** Supplied material **
-- Opening Marker --

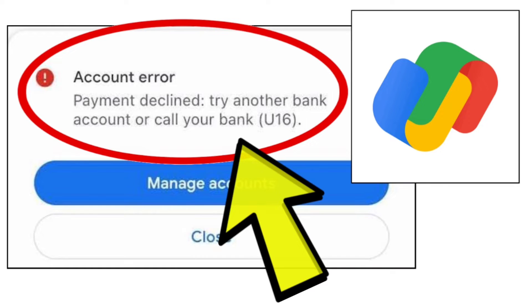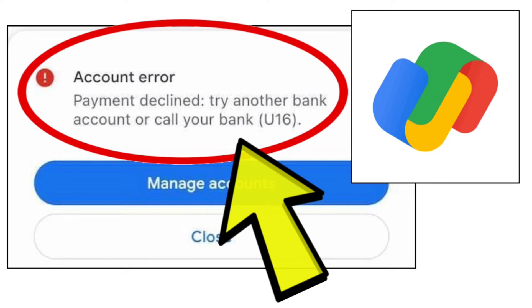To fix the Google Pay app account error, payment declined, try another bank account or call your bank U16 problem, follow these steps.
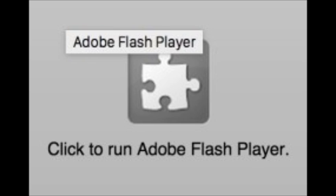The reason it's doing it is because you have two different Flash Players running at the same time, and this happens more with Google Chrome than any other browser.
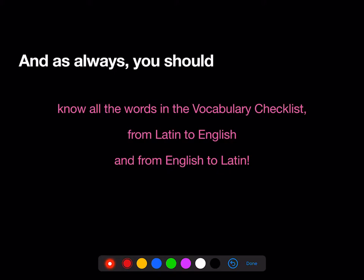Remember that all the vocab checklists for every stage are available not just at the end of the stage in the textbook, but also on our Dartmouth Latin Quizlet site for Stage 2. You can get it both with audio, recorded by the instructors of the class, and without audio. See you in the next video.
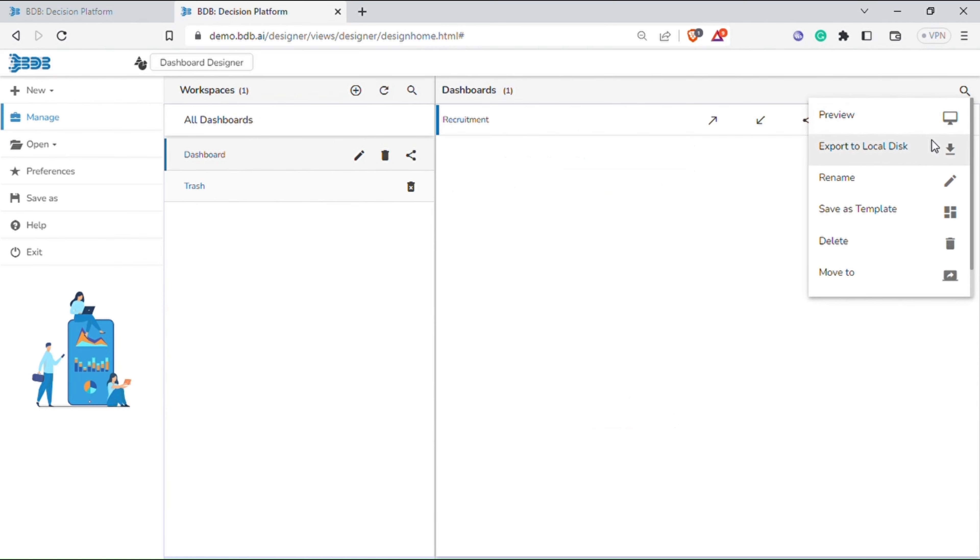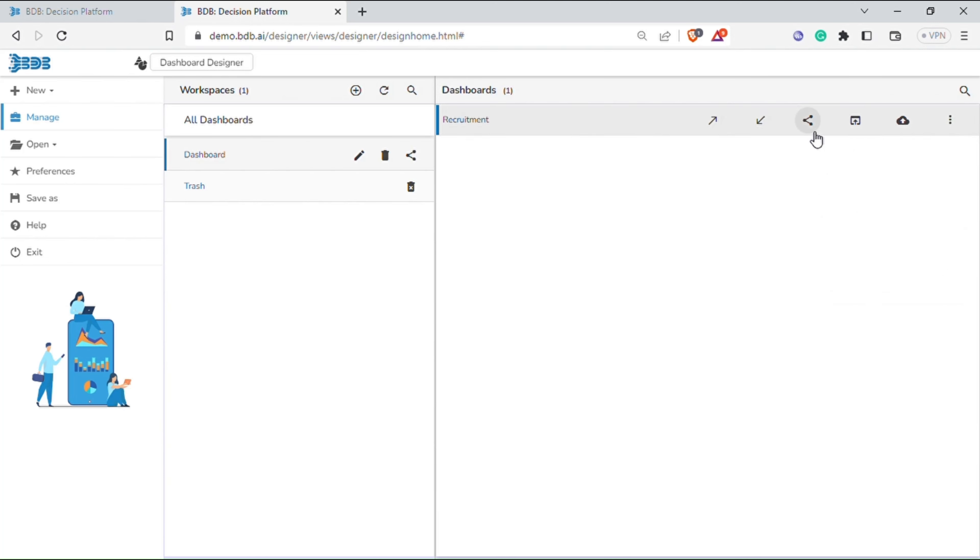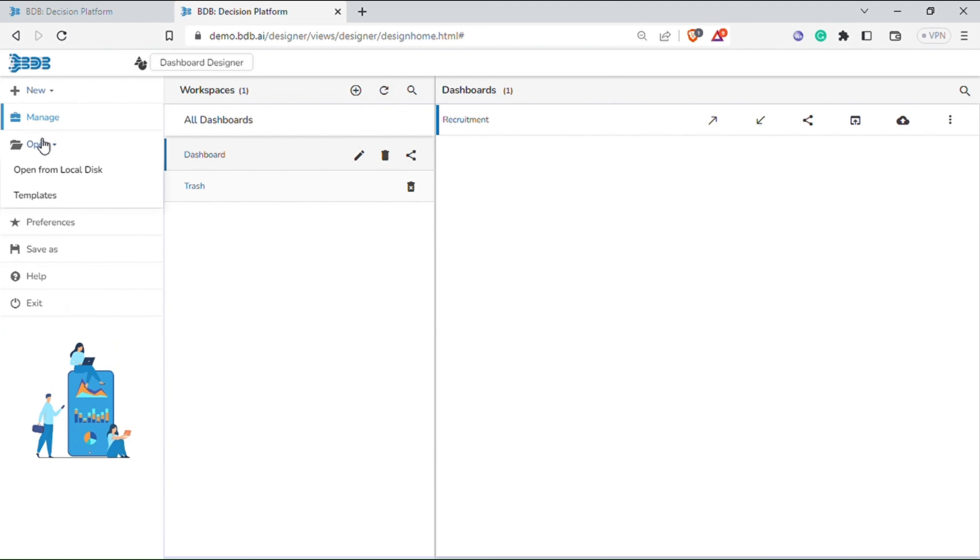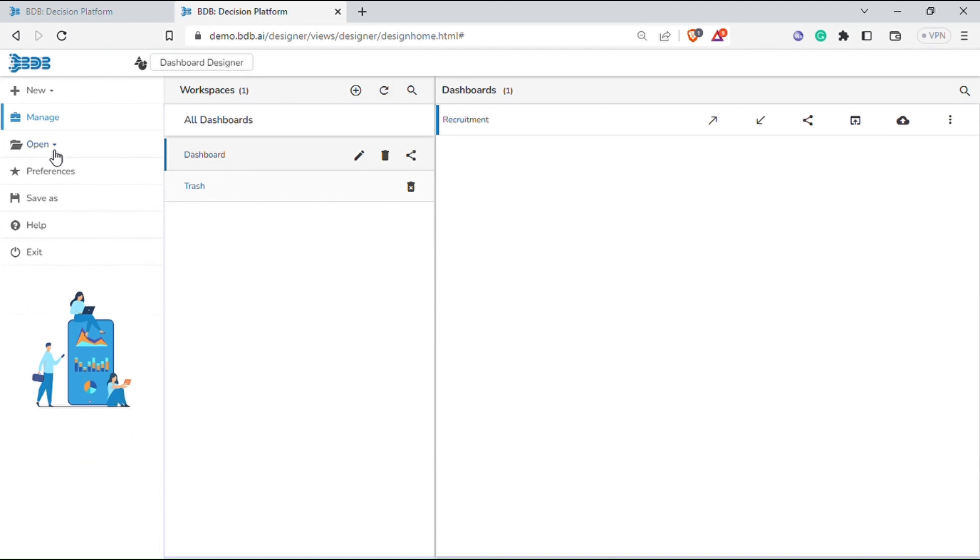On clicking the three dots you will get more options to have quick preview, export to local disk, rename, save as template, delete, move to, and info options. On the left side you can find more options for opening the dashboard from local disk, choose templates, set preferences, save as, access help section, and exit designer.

-- Closing Marker --
-- Opening Marker --

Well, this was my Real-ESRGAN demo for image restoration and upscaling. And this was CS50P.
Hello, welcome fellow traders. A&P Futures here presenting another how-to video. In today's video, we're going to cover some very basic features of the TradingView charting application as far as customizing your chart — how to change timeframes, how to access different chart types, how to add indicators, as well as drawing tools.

-- Closing Marker --

Starting at the line with "The reason it's" in the entries above, write out every line exactly until the line with "Remember that all" has been written. Include no pictures and nothing more.

** Response area **
The reason it's doing it is because you have two different Flash Players running at the same time, and this happens more with Google Chrome than any other browser.
Remember that all the vocab checklists for every stage are available not just at the end of the stage in the textbook, but also on our Dartmouth Latin Quizlet site for Stage 2. You can get it both with audio, recorded by the instructors of the class, and without audio. See you in the next video.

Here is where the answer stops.